In recent years, square motor housings have been coupled to the drill string for steering and stabilization of the BHA in forming vertical wellbores. The four edges that form the square motor are in substantially constant contact with the wall of the wellbore as the BHA moves down the wellbore. Thus, the square motor provides rigidity of the BHA, thereby maintaining the vertical trajectory of the drill string and reducing the deviation of the drill string due to, for example, formation changes. The square motor, however, produces a lot of friction, and therefore drag, due to the area of contact between the length of the four edges of the square motor and the wall of the formation. These motors also tend to be very noisy while moving the drill string and motor downhole.
Deviations from the vertical are measured by two orthogonally mounted inclination sensors. Either one or two ribs may be actuated to direct the drill bit back onto the vertical course. Valves and electronics, usually mounted above the drilling motor, control the actuation of the ribs. Mud pulse or other telemetry systems are used to transmit inclination signals to the surface. Lateral deviation of boreholes from the planned course (radial displacement) achieved with such SDD systems has been nearly two orders of magnitude smaller than with conventional assemblies. SDD systems have been used to form narrow cluster boreholes and less tortuous boreholes, thereby reducing or eliminating reaming requirements.

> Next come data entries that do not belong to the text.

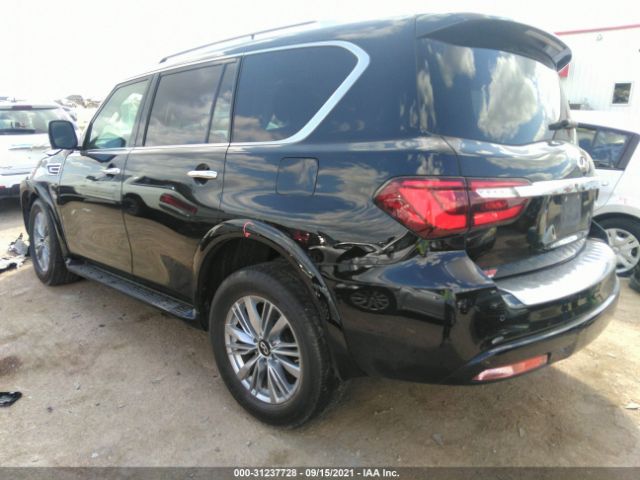 Photo 2 VIN: JN8AZ2NF9K9686299 - INFINITI QX80 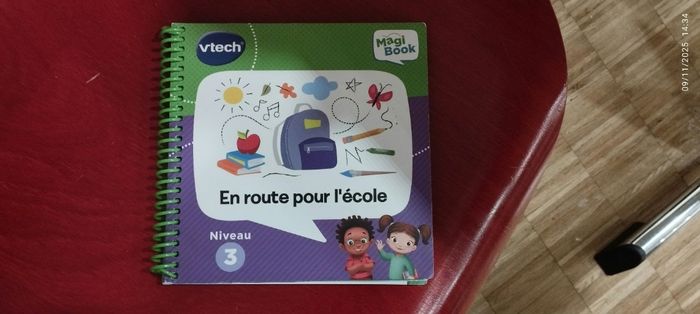 Magibook VTech - photo numéro 3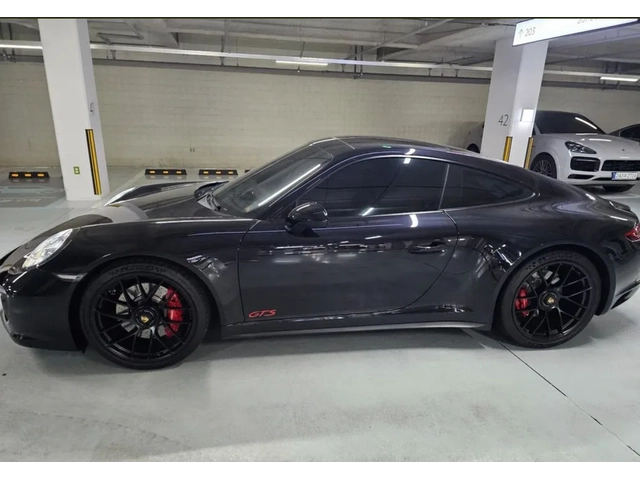 Porsche 911 GTS - автомобили, коли, обяви за нови и употребявани 1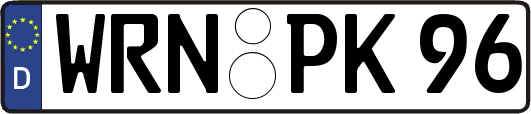 WRN-PK96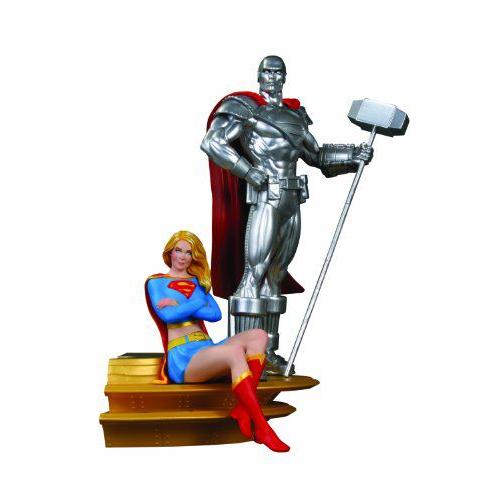 DC Direct スーパーマン Family Multi-Part フィギュア: Part 2: ...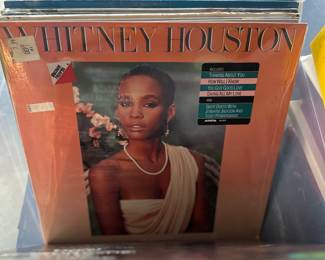 Vintage Vinyl: Our homeowner worked for Acuff-Rose publishing. Prices range from (majority) $4 each with some topping out at $20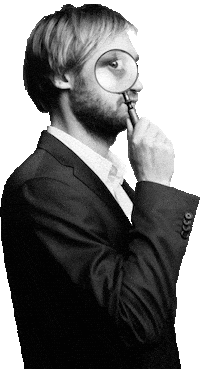 Lue Støvelbæk Sticker by Sorte Hest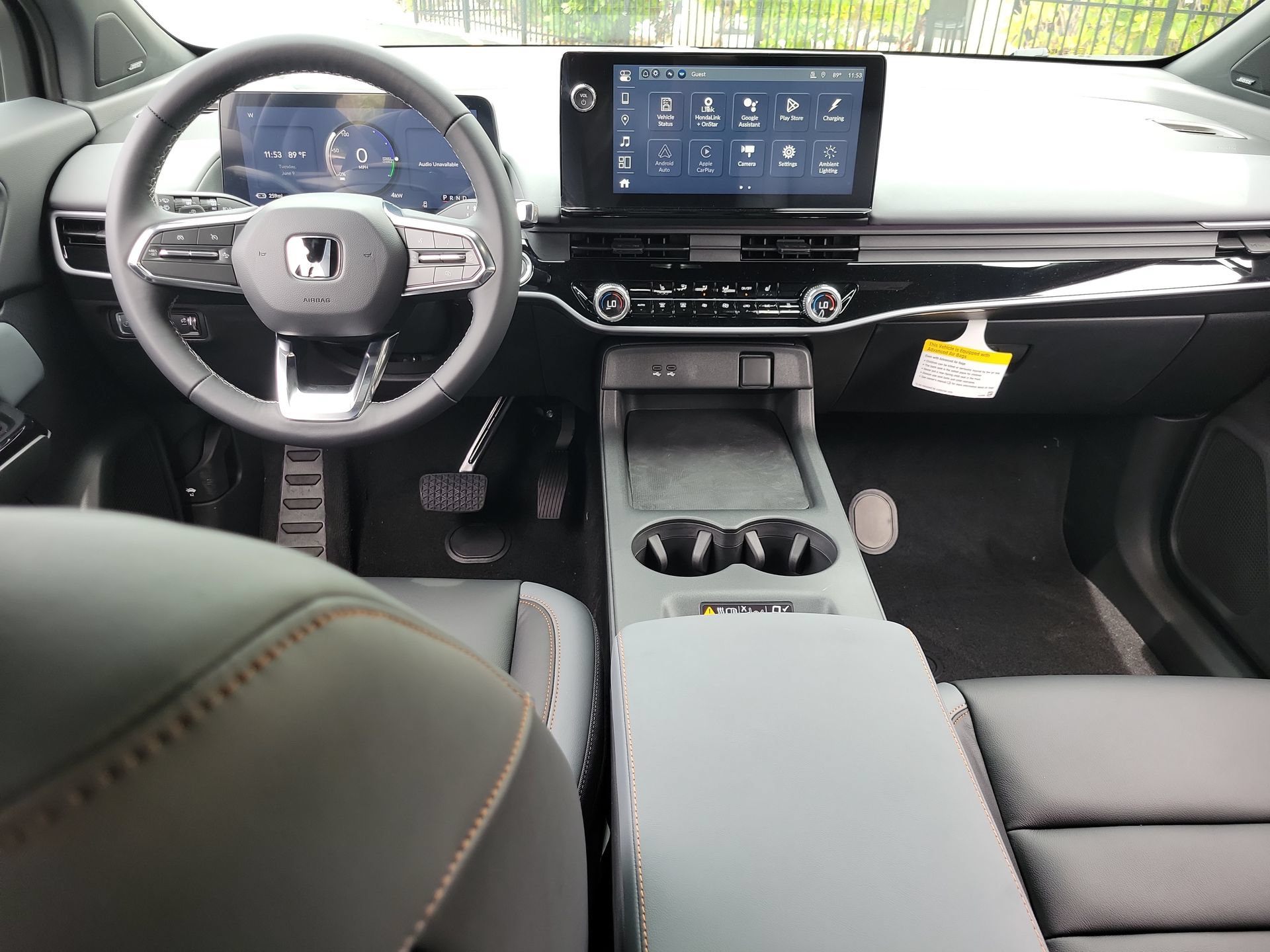 New 2026 Honda Prologue Touring image 14
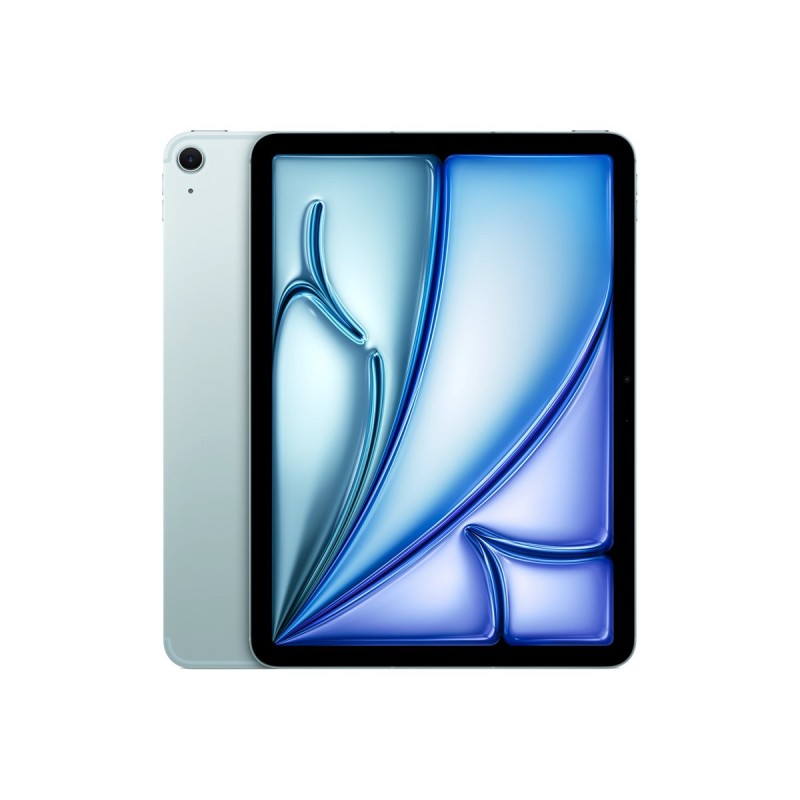 Apple | iPad Air Wi-Fi + Cellular | Blue | 11 " | 2360 x 1640 pixels | IPS | Apple | 12 GB | M4 | 256 GB | 3G | 4G | 5G | Wi-Fi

A multi-point drilling assembly with a stabilized motor is also known in the art. The multi-point drilling assembly includes a set of reamer cutters incorporated in a bit box which acts as a roller bearing, guiding the drill bit. Stabilizers on the bearing assembly and the stator, also known as the power section, reduce deviation of the drill sting while drilling. The reamer cutters also act to cut the wellbore once the drill bit starts to wear, thereby reducing the amount of undergauged hole. One example of such an assembly is provided by Wenzel Downhole Tools (Oklahoma City, Okla.).
Automated drilling systems having ribs mounted on non-rotating sleeves near the drill bit, wherein each rib may be individually actuated, are known in the art. For example, AutoTrak®, by Baker Hughes Incorporated (Houston, Tex.), has three hydraulically-operated stabilizer ribs mounted on a non-rotating sleeve. Integrated formation evaluation sensors allow steering based on directional parameters and reservoir changes, thereby guiding the bit in the desired direction. A drilling motor may be used to drive the entire assembly, thereby providing more power to the bit. The ribs may be integrated into the bearing assembly of the drilling motor.
Automated drilling systems and rotary steerable systems typically include equipment that is expensive to manufacture and operate. The cost of running an automated drilling system or a rotary steerable system may cost any where from $25,000/day to $40,000/day.
Accordingly, there exists a need for a more cost efficient drilling system that drills a concentric wellbore along a vertical trajectory. Additionally, there exists a need for a more cost efficient drilling system that drills a concentric wellbore along a deviate trajectory. Further, there exists a need for drilling system that minimizes the tortuousity of wellbore and reduces localized dog-leg severity. Still further, there exists a need for a stabilized drilling system with reduced damage to the wall of the wellbore.